2.11 Without prejudice to our rights to terminate this Agreement and your Service, we may immediately and without liability suspend the Service in the following circumstances: (a) if we reasonably believe you are in breach of any term of this Agreement and any other agreement with us; (b) if you abuse or threaten us, or a member of our staff; (c) if your use of the Service violates any applicable laws or regulations; (d) if we are legally required to suspend or terminate the Service in order to comply with applicable law or regulation including an order, instruction or request of government or other competent authority; (e) if your use of the Service poses a security risk to the Service or any third party or may subject Belldial or any third party to liability; or (f) upon the occurrence or threat of any other event or circumstance for which Belldial reasonably believes that suspension of the Service is necessary to protect the Belldial (or other third parties) network, systems or customers. We may also suspend the Service if we are obliged to comply with an order, instruction or request of government or other competent authority.
2.12 We may terminate this Agreement and your Service immediately upon written notice if you are subject to a Change of Control. In this clause, the term “Control” shall mean the possession by any person(s) directly or indirectly of the power to direct or cause the direction of another person and “Change of Control” is to be construed accordingly. You will notify us in writing of this within 14 days after the Change of Control. If we have not exercised our right of termination under this clause within 45 days following receipt of notice of your Change of Control, that right of termination will expire.
2.13 We can end this Agreement and any other agreement with us and terminate your Service immediately upon notifying you by email if:
2.13.1 you breach this Agreement and fail to remedy the breach within a reasonable time specified in a written notice from us to do so;
2.13.2 you fail to make any payment when due;
2.13.3 you make, or offer to make, an arrangement with your creditors; you commit an act of bankruptcy; someone brings a petition, receiving an order or administration order against you to make you bankrupt, you are a limited company and a resolution to wind you up is passed or a receiver or administrator is appointed over all or part of your assets or if anything analogous to the foregoing occurs. We can also end this Agreement and any other agreement with us if we consider any of these things or something similar may happen;
2.13.4 any regulatory change affecting our ability to offer the Service is introduced, including but not limited to any authorisation or licence under which we provide the Service expiring or being revoked.

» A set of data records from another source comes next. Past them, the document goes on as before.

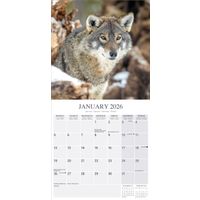Avonside Kalender 26 Wolves as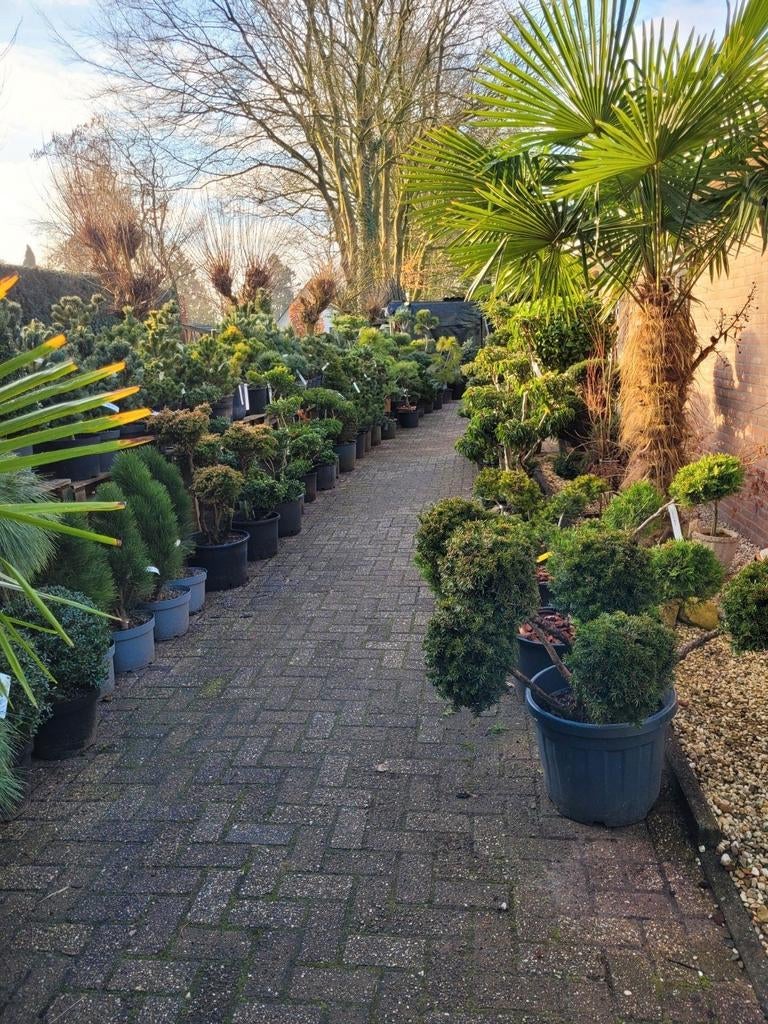 Vormsnoei: Pinus, Taxus, Ilex en meer op voorraad, Volle zon, Vaste plant, Bloeit niet, Ophalen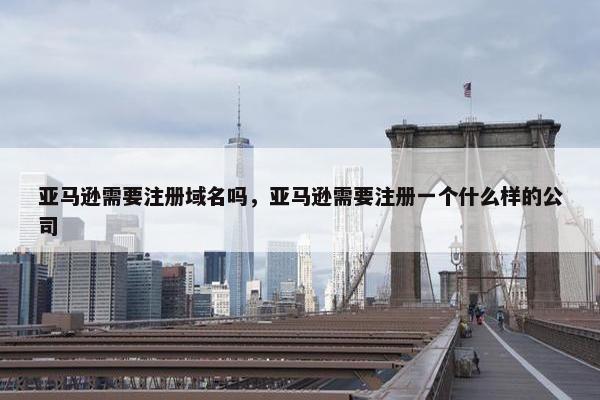 亚马逊需要注册域名吗，亚马逊需要注册一个什么样的公司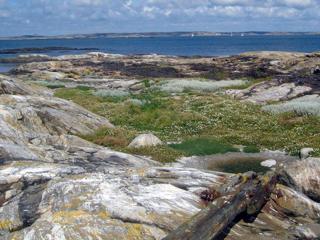 Holiday home MARSTRAND V - Marstrand - 6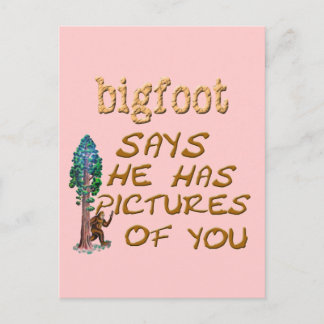 Carte Postale Bigfoot A Des Photos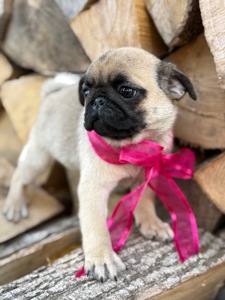 Цуценята мопс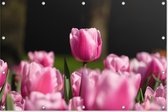 Roze Tulpen | Holland |Keukenhof | Close-up | Natuur | Tuindoek | Tuindecoratie | 90CM x 60CM | Tuinposter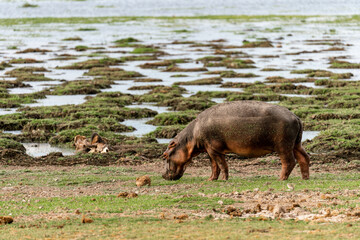 Hippopotamus near water.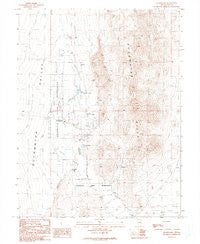 Duckwater Nevada Historical topographic map, 1:24000 scale, 7.5 X 7.5 Minute, Year 1990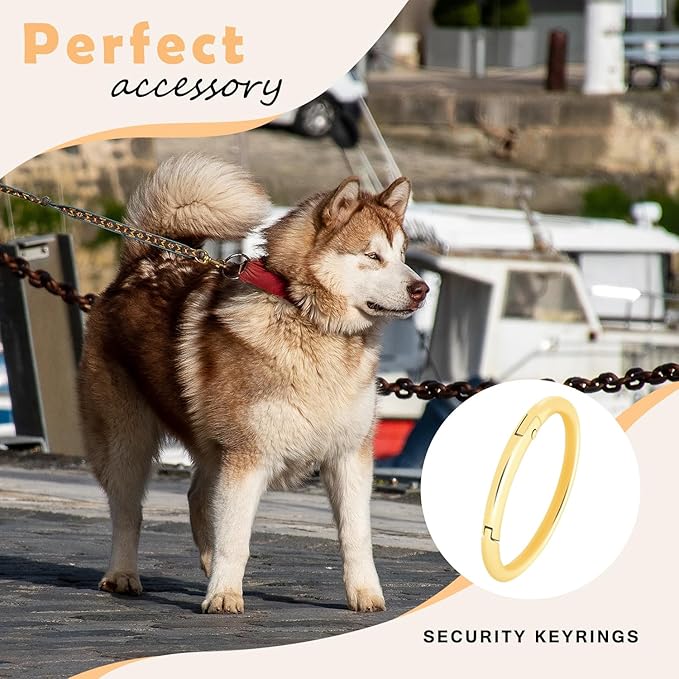 10Pack 1-1/2" Large Round Carabiner Clips, Metal Spring O Rings for Organizer Key Rings, Paracord Keychain Lanyard, Pet Chains, Purse Hardware, Key Snap Hooks DIY Accessory (Gold)-StrideForce Fitness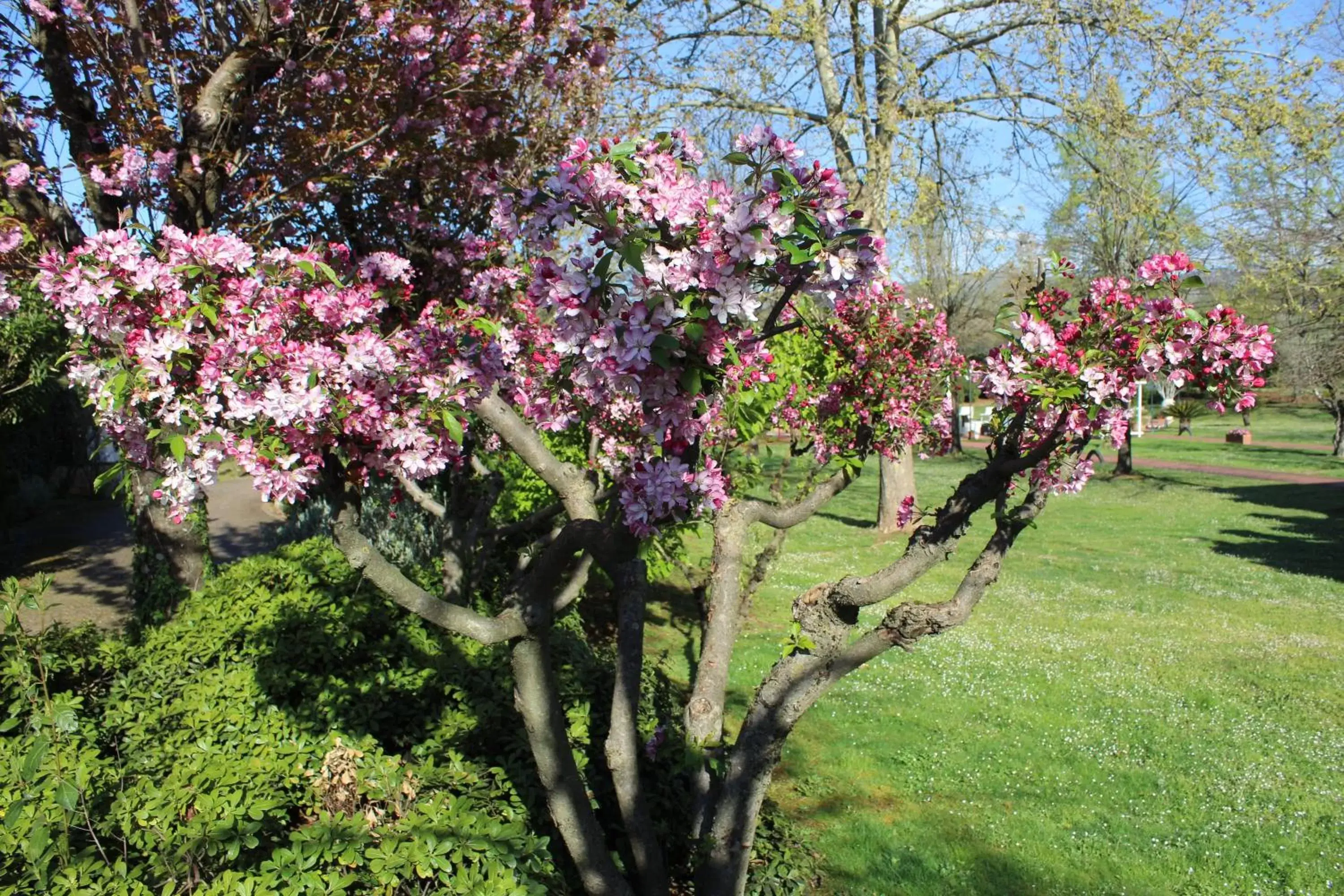 Garden in B&B Villa Sbaraglia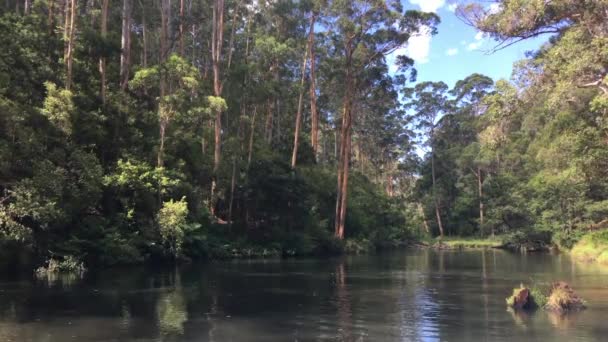西澳大利亚彭伯顿水塘景观 — 图库视频影像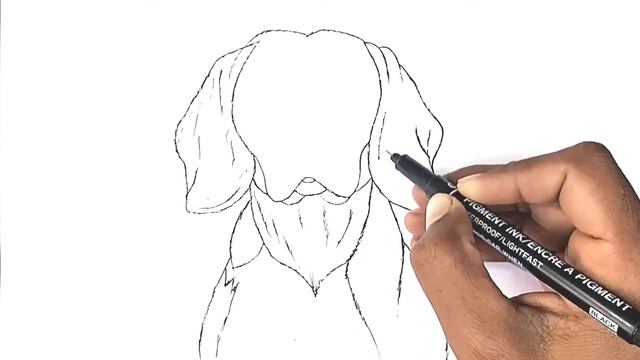 How To Draw A Beagle || Step By Step || Draw See Cute смотреть онлайн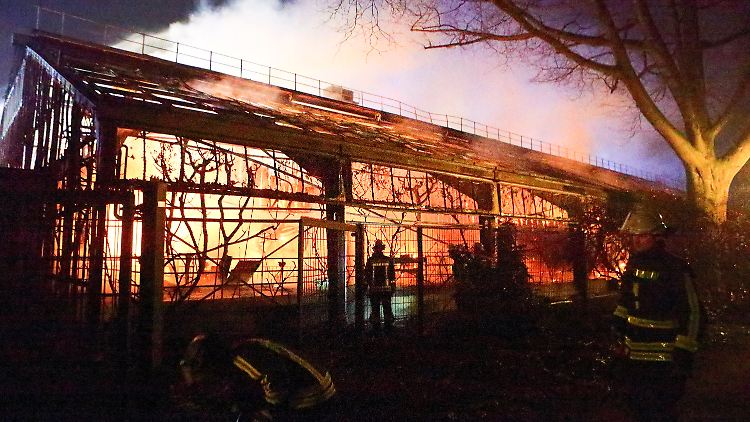 Nach dem Feuer in der Neujahrsnacht blieb vom Affenhaus des Krefelder Zoos nur noch eine Ruine, die abgerissen werden musste.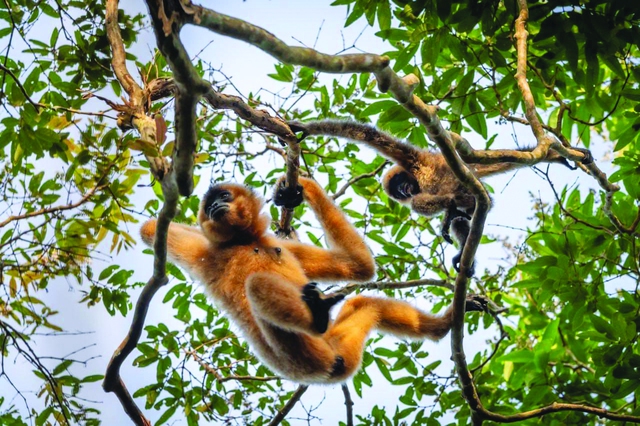 VQG Cát Tiên tham gia Danh lục Xanh: Cơ hội bảo vệ rừng và động vật hoang dã tốt hơn- Ảnh 4.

2.14 We may terminate this Agreement and your Service at any time for convenience upon giving you not less than 30 days’ prior written notice without liability to you. If we give notice of termination for convenience during the Minimum Term no early termination charges will apply.
2.15 We may terminate this Agreement and your Service immediately upon written notice at any time without liability to you if any underlying arrangement between us and any other third party operator or supplier is terminated for whatever reason.
2.16 Upon any suspension or termination by us, you are responsible for all charges under your account that would have been payable but for suspension or termination, including without limitation unbilled charges, applicable early termination charges and any other charges all of which immediately become due and payable. If we terminate this Agreement before the end of the Minimum Term as set out in clause 3.1, due to your breach of this Agreement or for any of the reasons set out clauses 2.6, 2.7, 2.11, 2.12, 2.13.1, 2.13.2, 2.13.3, 4.1, 4.2, 4.6, 5.1, 13.1 or 13.2, then without prejudice to any other remedy available to us under this Agreement or at law, you will pay to us as liquidated damages for early termination (being a genuine pre-estimate of the loss and damage we would suffer as a result of early termination) the monthly Service charges that would have been payable to us up until the end of the Minimum Term. We shall immediately charge all these amounts to your account. We may or may not agree to restore your Service. Before we agree to restore your Service a re-activation fee (details of which are set on our website) will be charged.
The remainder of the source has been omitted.